— ACTION ITEM —
All of the lines below need to be copied exactly, apart from the pictures.

— DATA SECTION —
▼
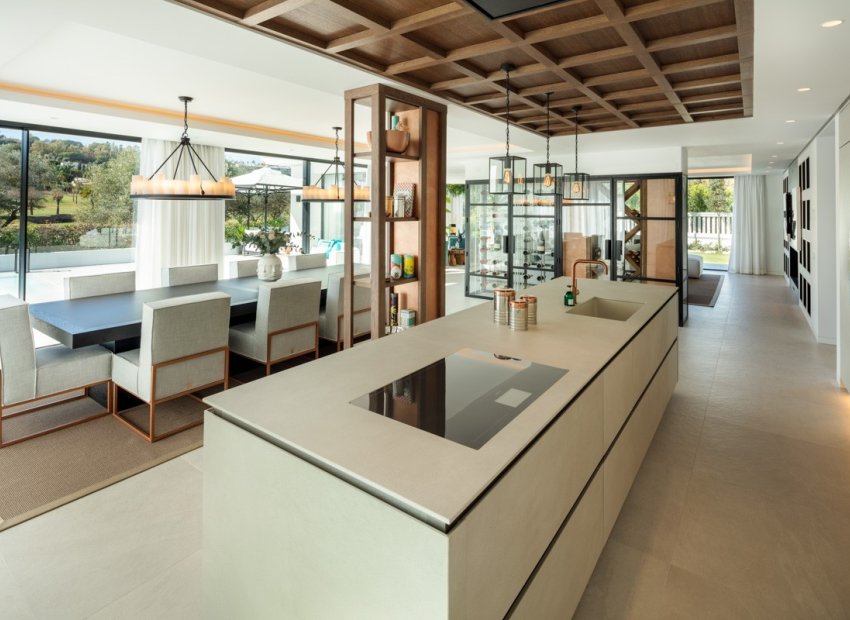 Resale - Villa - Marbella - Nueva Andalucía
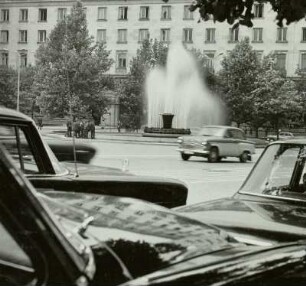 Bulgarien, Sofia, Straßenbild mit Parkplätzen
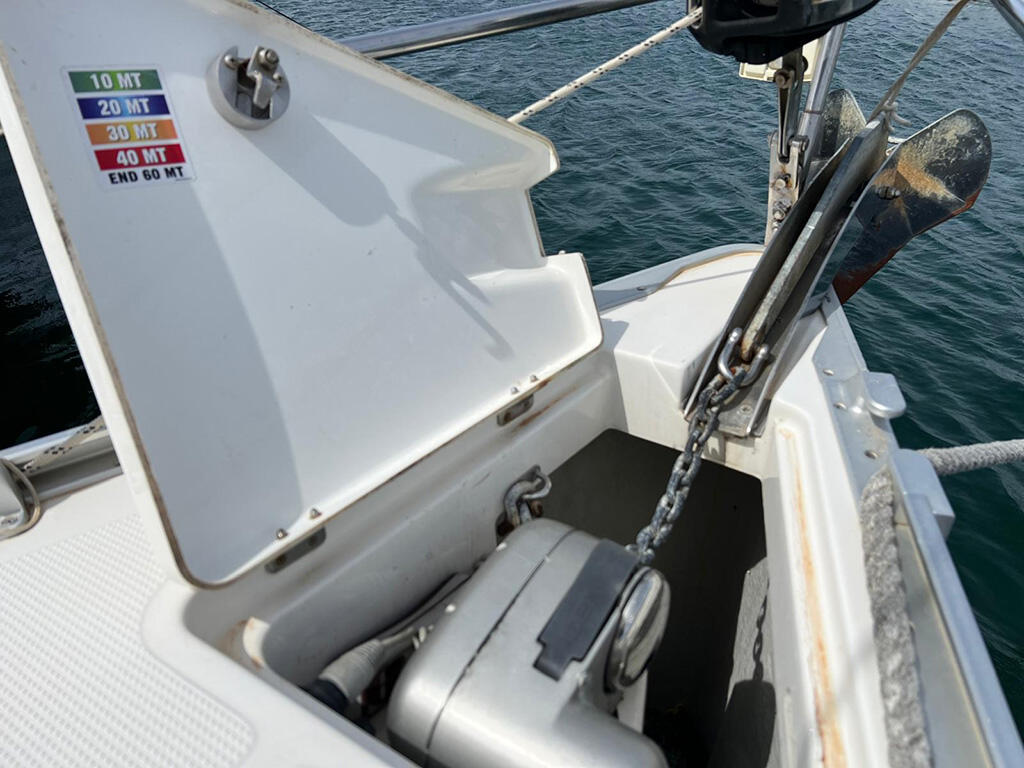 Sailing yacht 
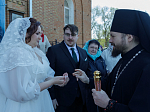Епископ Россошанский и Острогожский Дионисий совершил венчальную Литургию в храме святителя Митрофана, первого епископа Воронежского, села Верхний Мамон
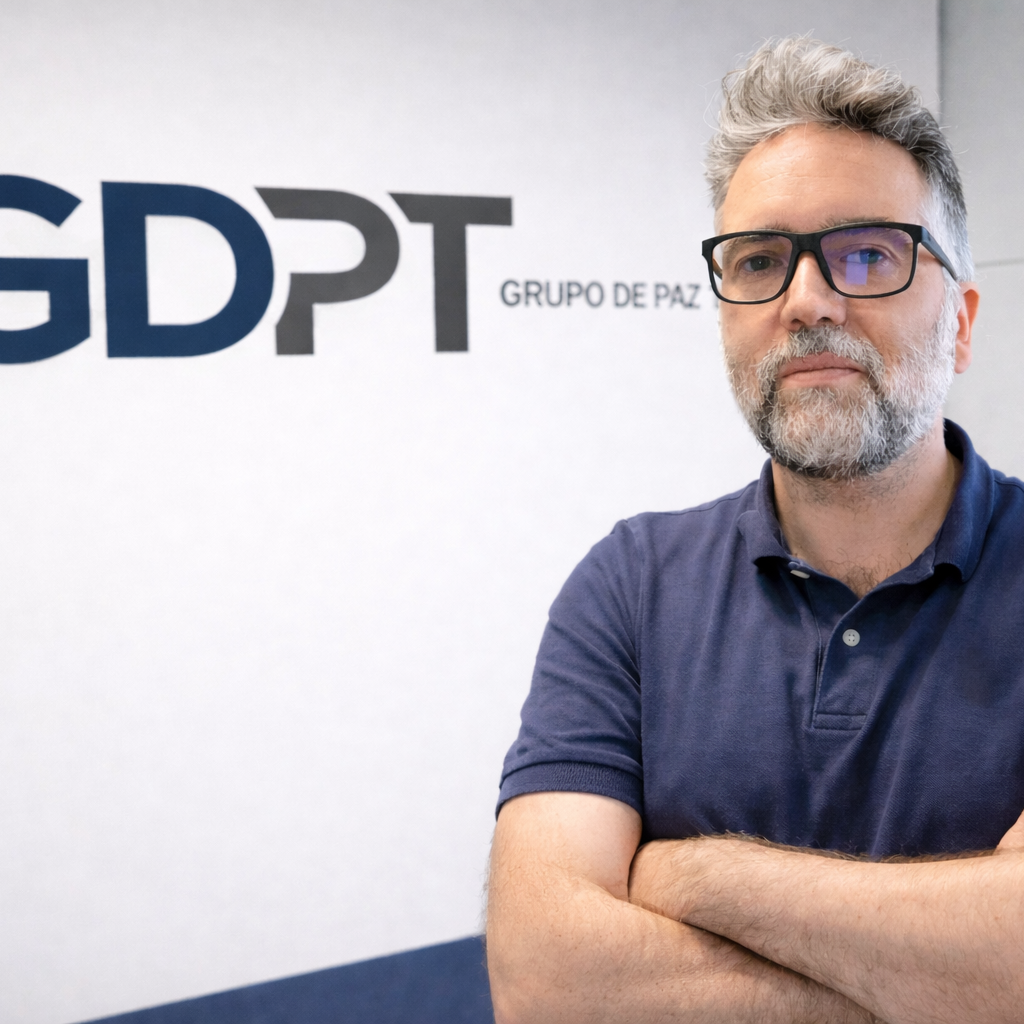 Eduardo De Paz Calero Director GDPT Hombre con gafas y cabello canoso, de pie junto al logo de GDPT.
▲
— YOUR SOLUTION —
 Resale - Villa - Marbella - Nueva Andalucía
 Bulgarien, Sofia, Straßenbild mit Parkplätzen
 Sailing yacht 
Епископ Россошанский и Острогожский Дионисий совершил венчальную Литургию в храме святителя Митрофана, первого епископа Воронежского, села Верхний Мамон
 Eduardo De Paz Calero Director GDPT Hombre con gafas y cabello canoso, de pie junto al logo de GDPT.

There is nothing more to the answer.